Retenons les idées lorsqu’elles surviennent. Même – et surtout – lorsqu’elles surviennent hors du contexte du problème auquel elles sont liées. Un carnet et un crayon à avoir toujours sur soi fera l’affaire, et dès qu’une idée vous vient, empressez-vous de la stocker, c’est-à-dire de la noter dans votre carnet. D’abord elle sera en lieu sûr, prête à être mise à l’épreuve en temps voulu et ensuite votre esprit sera de nouveau libre pour penser à autres choses – et à d’autres idées -, plutôt que de se concentrer à en retenir une en particulier qui de toute façon lui échappera.

Ici un petit aperçu du fonctionnement d’Andrew Wiles lorsqu’il travaillait sur une démonstration du dernier théorème de Fermat :

“Quand il y avait quelque chose qui m’occupait l’esprit, je n’avais besoin ni de papier, ni de crayon, ni de bureau, j’allais plutôt me promener le long du lac. Quand je suis en train de marcher, je parviens à me concentrer sur un aspect très précis d’un problème et à me polariser complètement. Comme j’ai toujours de quoi écrire dans ma poche, je peux toujours m’asseoir sur un banc quand une idée me vient.”

Un superbe résumé des points que j’expose dans ce billet, qu’il faut savoir mêler les uns aux autres dans la pratique pour en obtenir les effets. Andrew Wiles commençait par occuper son esprit de l’objet de ses préoccupations. Dès lors, ce dernier travaillait de lui-même et tout ce qu’il restait à faire était d’être suffisamment à l’écoute et assez prompt à noter les idées qui tombaient, lorsque l’attention s’assouplissait.

Et le cercle boucle sur lui-même, du fait que l’enthousiasme d’une idée en entraine une autre et que bien vite, vous vous surprendrez à remplir des carnets entiers ! Autant de choses qui vous motiveront à pousser le travail plus loin encore et plus profondément, sur un problème qui vous occupe, jusqu’à l’obsession prodigue.

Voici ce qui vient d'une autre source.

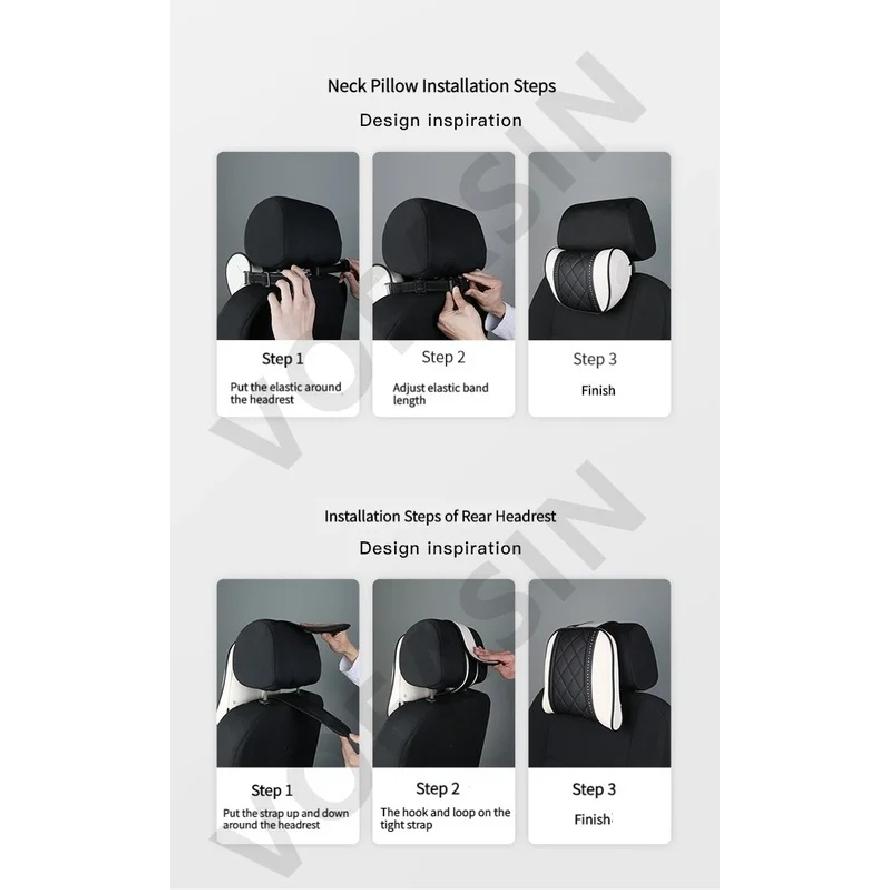 NAPPA Leather Car Neck Pillow For Mercedes Benz Maybach S-Class Headrest Car Travel Rea Seat Support Cushion Interior Accessorie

Le point important est de noter toutes ses idées et n’en privilégier aucune. Les ordinaires valent autant que les extraordinaires ! D’abord parce qu’on oublie plus facilement l’ordinaire et qu’il est donc encore plus nécessaire de les retenir : il est en effet fort à parier qu’Hamilton n’allait pas oublier de sitôt sa découverte des quaternions ! Ensuite, parce que ce sont les petites gouttes qui font les grands ruisseaux et que c’est l’accumulation des petites idées qui fait naître les grandes. Si les quaternions se sont révélés à Hamilton plutôt qu’au brave ouvrier du quartier d’à côté, cela n’est pas sans raisons : sa vie d’alors fut immensément riche d’idées préalables. Considérez bien cela : aucune idée n’est stérile et le penser risque de vous priver de grandes occasions !

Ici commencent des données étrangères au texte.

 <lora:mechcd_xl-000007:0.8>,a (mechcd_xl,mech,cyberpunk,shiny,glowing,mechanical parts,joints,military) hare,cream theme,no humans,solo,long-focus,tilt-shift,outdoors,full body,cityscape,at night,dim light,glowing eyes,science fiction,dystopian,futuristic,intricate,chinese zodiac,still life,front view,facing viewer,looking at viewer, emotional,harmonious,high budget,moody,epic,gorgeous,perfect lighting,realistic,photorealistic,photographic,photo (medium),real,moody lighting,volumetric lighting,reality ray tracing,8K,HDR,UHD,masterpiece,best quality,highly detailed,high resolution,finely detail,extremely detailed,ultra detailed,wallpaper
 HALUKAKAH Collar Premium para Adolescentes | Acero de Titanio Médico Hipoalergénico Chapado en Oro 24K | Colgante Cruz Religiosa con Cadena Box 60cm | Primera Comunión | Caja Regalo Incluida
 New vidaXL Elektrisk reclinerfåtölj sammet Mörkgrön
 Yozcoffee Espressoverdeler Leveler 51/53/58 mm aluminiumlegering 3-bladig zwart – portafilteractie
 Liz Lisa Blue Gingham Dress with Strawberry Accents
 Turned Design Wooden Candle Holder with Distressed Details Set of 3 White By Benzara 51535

Désormais, une fois de retour face à votre écran ou devant votre problème, pour une nouvelle session de travail intense, vous n’aurez qu’à vous souvenir d’avoir eu cette idée qui vous élargissait le sentier vers l’inspiration ou la résolution et ne reste alors plus qu’à sortir votre carnet pour vous rappeler en détail de son contenu. Je parle plus profondément de cette notion de travail intense dans mon guide l’Essence de l’Excellence, que vous trouverez ici en téléchargement couplé à un abonnement à la newsletter du blog.

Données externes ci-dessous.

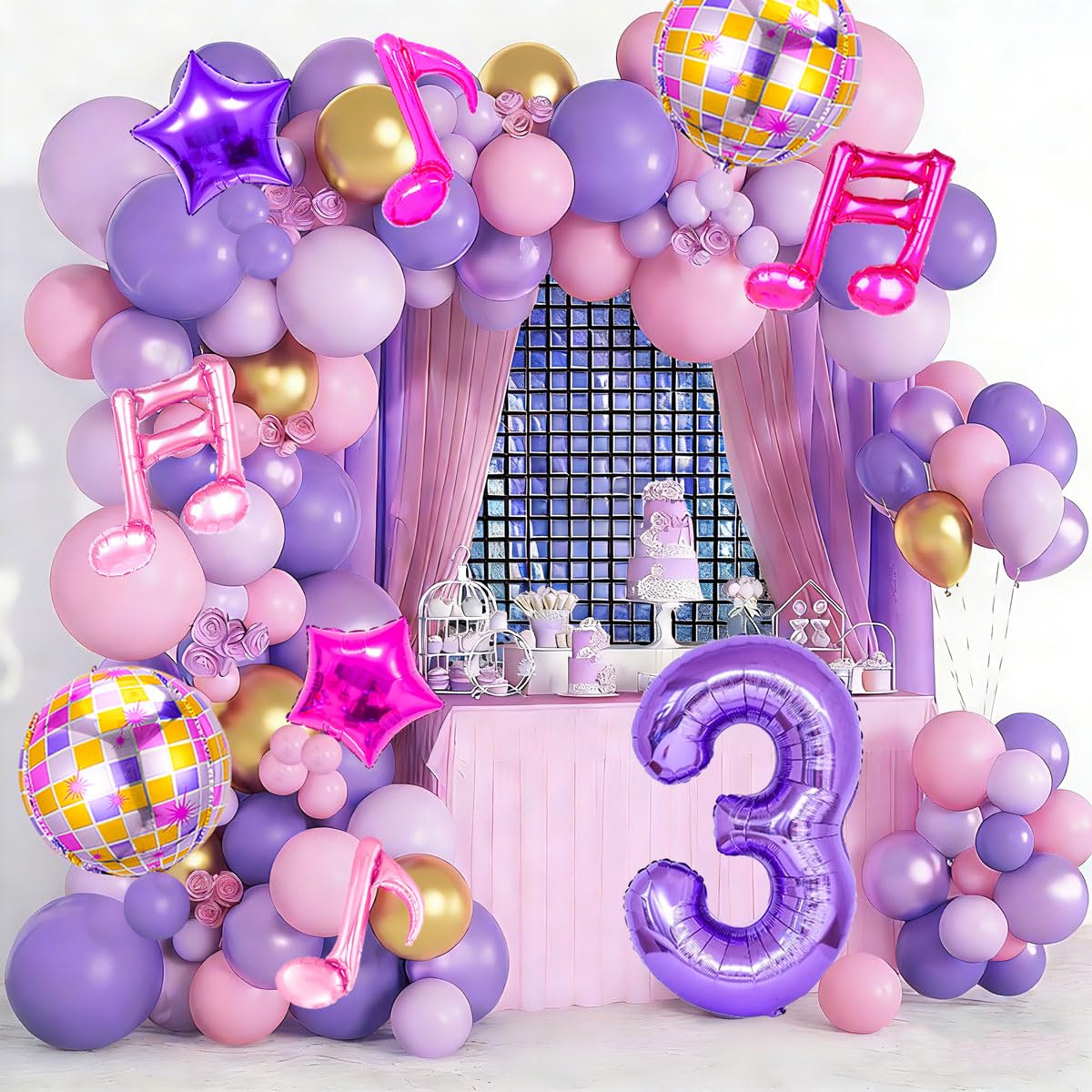 9Pcs Kpop Birthday Decorations - Kpop Music Balloons Hot Pink Mus 3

En somme, vos problèmes d’inspiration ne viennent pas d’un manque de créativité, mais plutôt de votre mauvaise perception du travail créatif. N’attendez pas de vous retrouver face à votre feuille pour vous mettre à chercher les idées. La vérité est que les choses ne fonctionnent pas ainsi. Les idées ont tout le mal du monde à venir sur commande.

Avant de conclure, je dirai que les idées sont une chose, mais il en est bien d’autres que vous pouvez noter à la volée, comme par exemple de nouveaux projets qui vous viennent à l’esprit. Si le manque d’idée – avec quelques autres facteurs – se traduit par un manque d’inspiration et de créativité, le manque de projets, lui, implique l’ennui et la prévisibilité. Par exemple, en passant par le parc, voyez ces fous qui marchent sur une corde ou une sangle ou vous en savez rien, mais vous avez toujours voulu jouer, comme eux, au funambule. Pas le temps aujourd’hui. Notez-le pour une prochaine fois, pour une vie plus excitante et exempte d’ennui. Ou encore, ni idée, ni projet : une simple balade sur les bords du fleuve, le soleil brille, un écureuil saute de branche en branche, vous êtes serein. Prenez note de ce beau moment. Vous serez heureux de vous en souvenir ainsi.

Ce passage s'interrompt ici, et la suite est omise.